Graph Convolutional Neural network models for chemical ecotoxicology prediction.

Overview

Currently, Regulating chemicals to protect the environment based on ecotoxicological assessments is a major challenge. However, experimental ecotoxicity tests are time-consuming and expensive, which underscores the need for accurate prediction methods. In this study, we conducted a comprehensive analysis on the application of machine learning and graph-based learning techniques for the ecotoxicological prediction of chemicals. A total of 84 models were constructed using a combination of three molecular representations (Morgan, MACCS, Mol2vec), six machine learning algorithms (KNN, NB, RF, SVM, XGB, DNN), and five graph neural networks (GAT, GCN, MPNN, Attentive FP and FPGNN). In predicting the ecotoxicity of three aquatic taxonomic groups - fish, crustaceans, and algae - GCN achieved the best performance overall.

Figure 1. Model construction pipeline.

Model Performance

We adopted the scaffold splitting method with splitting ratios of 0.8:0.1:0.1 to divide the dataset into training, validation and test sets. All experiments were repeated 5 times on test set to observe the variability of the results and obtain an accurate measure of model performance through the average ROC-AUC score.

Figure 2. Test performance of fingerprint-based ecotoxicity prediction models. (A) AUC scores of the Morgan-based models. (B) AUC scores of the MACCS-based models. (C) AUC scores of the Mol2vec-based models. (D) AUC scores of the Graph-based models.
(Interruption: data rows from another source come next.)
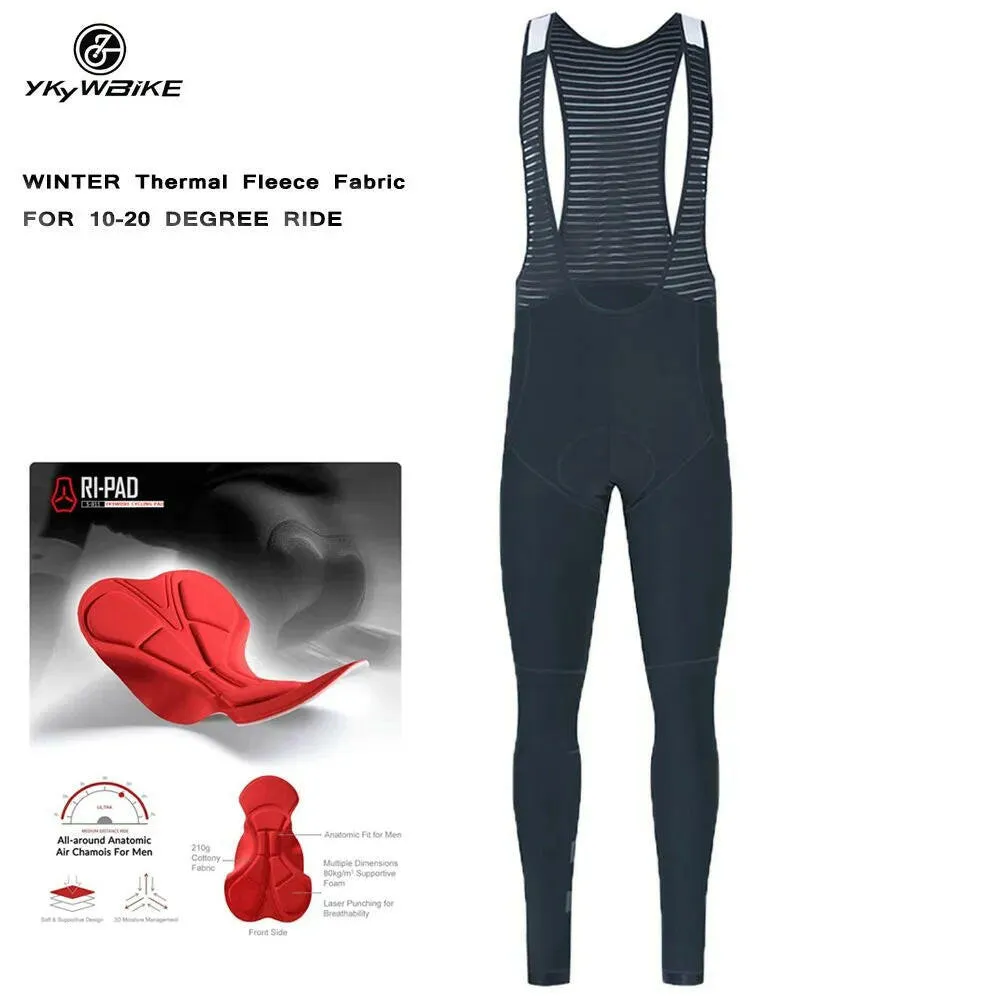 winter men's Cycling Bib Pants Thermal Fleece  trousers winter leggings with pad to keep warm  mountain bike pants 사이클링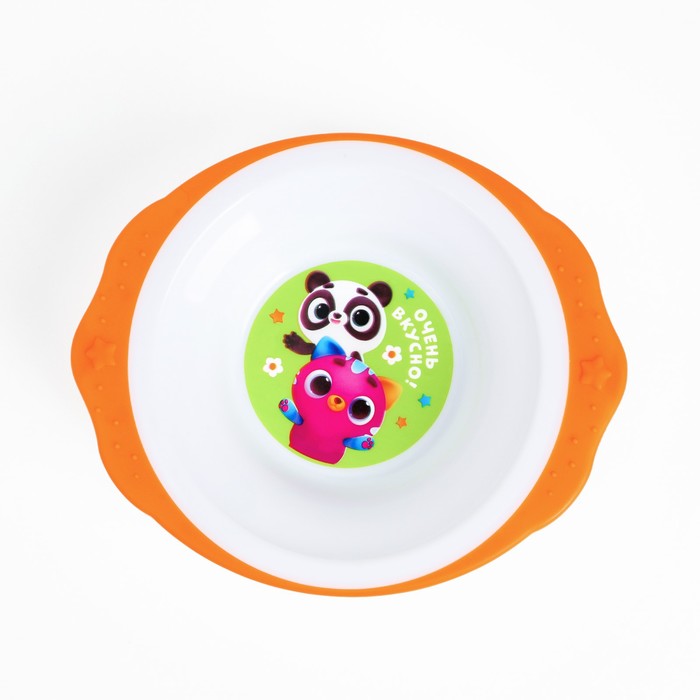 Набор детской посуды «Очень вкусно», тарелка на присоске 250мл, вилка, ложка - фото 1889739425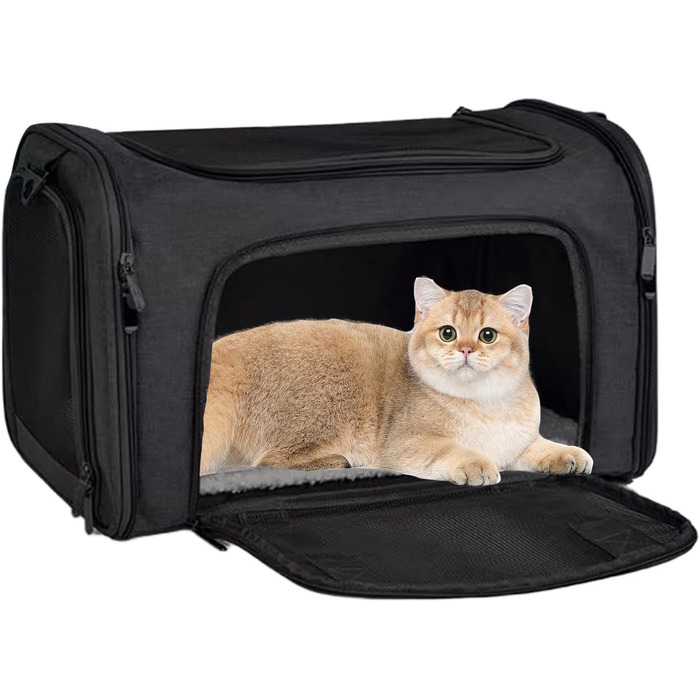 Складана переноска для собак та котів - чорна, для подорожей та кемпінгу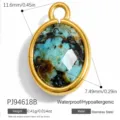 Gold plated stainless steel oval natural stone pendant charm for DIY jewelry making - Oval Shape (PJ94618B)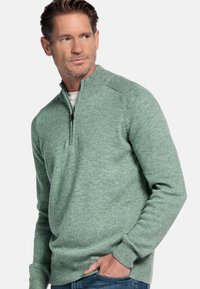 Groene, gestructureerde breisweater met een ritssluiting bij de hals, geribbelde kraag en manchetten. Heeft een klassieke snit en een casual stijl.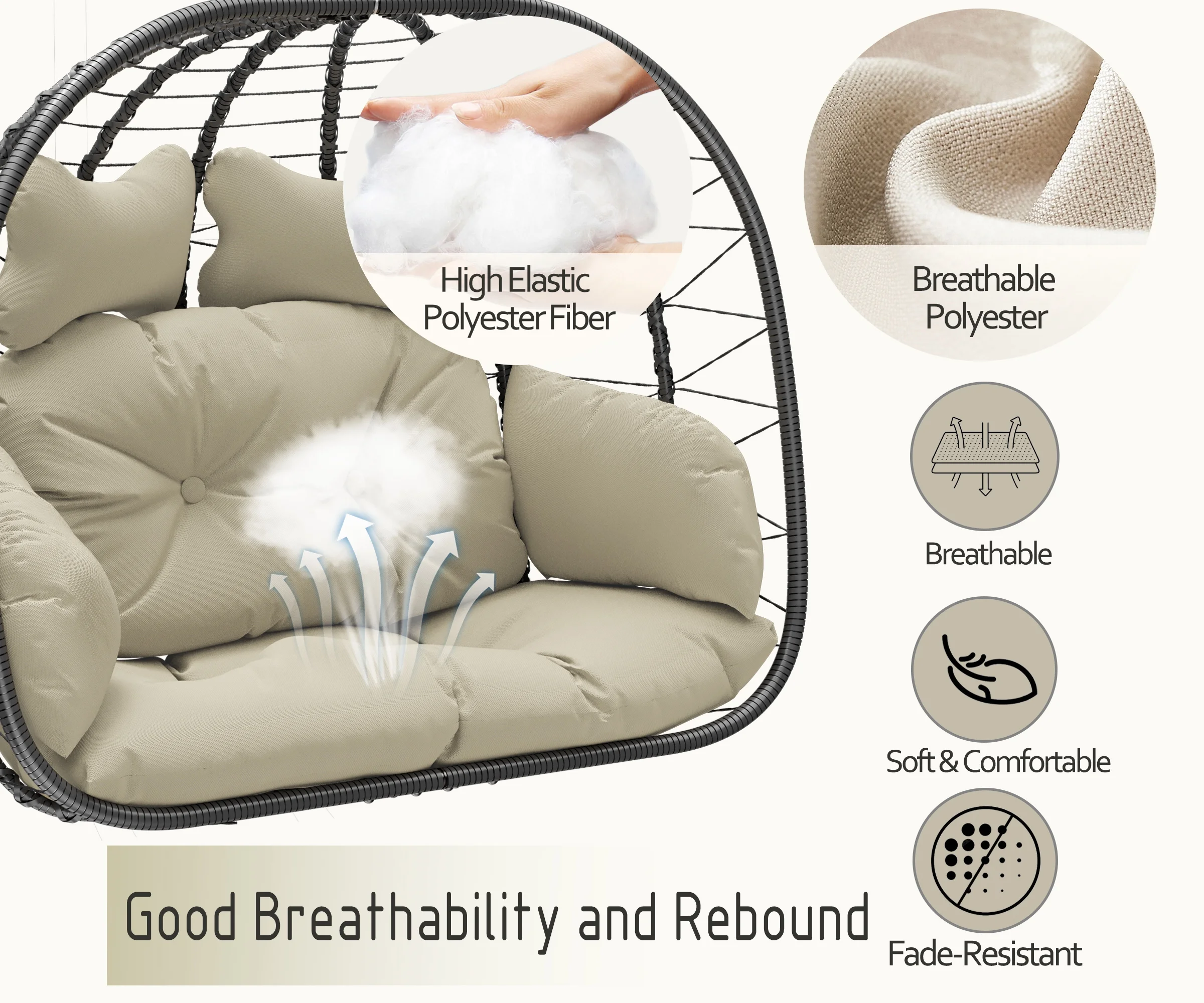Double Wicker Swing Egg Chair Hammock Foldable Hanging Loveseat with Stand, UV Resistant Removable Cushions, 700LBS Capacity for Bedroom, Balcony (Black and Beige)(Black and Beige) - Image 2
Overall, the predictive performance of molecular graph-based models is generally superior to that of ML and DL models based on molecular fingerprints and molecular embeddings. Consequently, using molecular graph-based models allows for more effective capturing of complex relationships and features within chemical structures, leading to improved predictive performance.

Prediction Models

This web server offers three ecotoxicological prediction models, namely A2A for Algae, C2C for Crustaceans, and F2F for Fish. According to our evaluations, the accuracy of these models in terms of AUCROC is 0.989 for Algae, 0.984 for Crustaceans, and 0.982-0.992 for Fish.